On 28 June 2013, the Monetary Authority of Singapore (MAS) introduced a Total Debt Servicing Ratio (TDSR) framework for all property loans granted by financial institutions to individuals. The TDSR takes into account borrowers’ other outstanding debt obligations when granting property loans and this total debt limit is set at 60% of gross monthly income. In addition, the housing loan rules were also tightened to ensure that borrowers do not circumvent the loan limits with proxy or guarantor arrangements. The MAS explained that the TDSR would streamline uneven lending practices by different banks and also improve the credit underwriting practices. Implementation of the TDSR was said to be consistent with previous measures to promote sustainable conditions in the property market and was not meant to target the current property cycle. These latest measures are structural in nature and intended to remain for the long-term.

However the announcement of the TDSR just days before the Urban Redevelopment Authority (URA) released its second quarter estimates on residential property price indices, suggests that the new loan framework arose out of concerns over sustained property market buoyancy. In particular, the index for Outside Central Region (OCR) rose 3% in the second quarter, up from 1.4% in the preceding quarter. OCR which is equivalent to the suburban mass market has been the best performing segment since the recovery from the financial crisis in mid-2009. OCR prices have risen nearly 70% since then and in spite of an array of cooling measures in place, it still managed to rise by 9.4% over the last four quarters. This is in contrast to the prime market where demand remains sluggish and prices are softening.

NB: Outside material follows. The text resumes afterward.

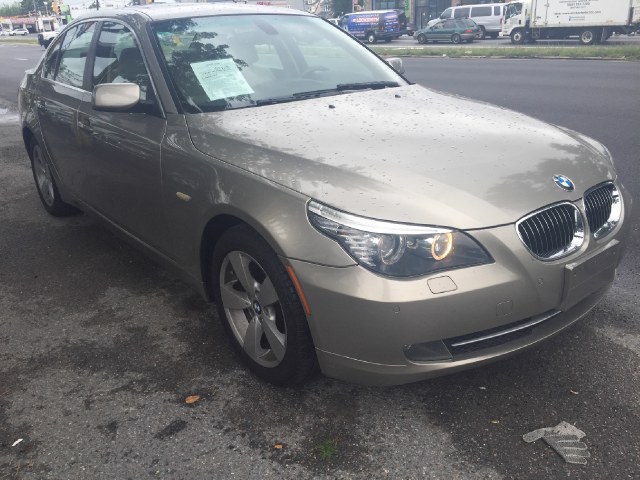 2008 BMW 5 Series 4dr Sdn 528xi AWD, available for sale in Rosedale, New York | Sunrise Auto Sales. Rosedale, New York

The buoyant OCR segment has contributed to the resilience in primary market sales by developers, where it dominates with a 60% market share. Notwithstanding a tough set of cooling measures imposed in January, developer sales have rebounded with the first five months of 2013 averaging nearly 1,700 units per month, a still healthy level compared to the monthly average of 1,850 units in 2012. Sustained sales and price buoyancy are two key factors that cause unease amongst policy makers so we can infer from these recent trends that policy makers intend to maintain a tight grip on the market.

The introduction of the TDSR and tightening of housing loan rules amidst continued market optimism dispels the notion that the authorities are less likely to intervene in the market since demand and prices would ease by themselves, with an eventual reduction in liquidity and an increase in interest rates. There is concern that rising interest rates would increase the risks of over-leveraging by buyers, exacerbated by possible purchasing at the peak of the market. The TDSR, together with the tightening of housing loan rules and other measures already in place, appears to better mitigate such risks for both the borrower and the lender. As with past measures imposed, the impact on the market will be closely monitored and further measures cannot be ruled out given a potentially more risky market ahead.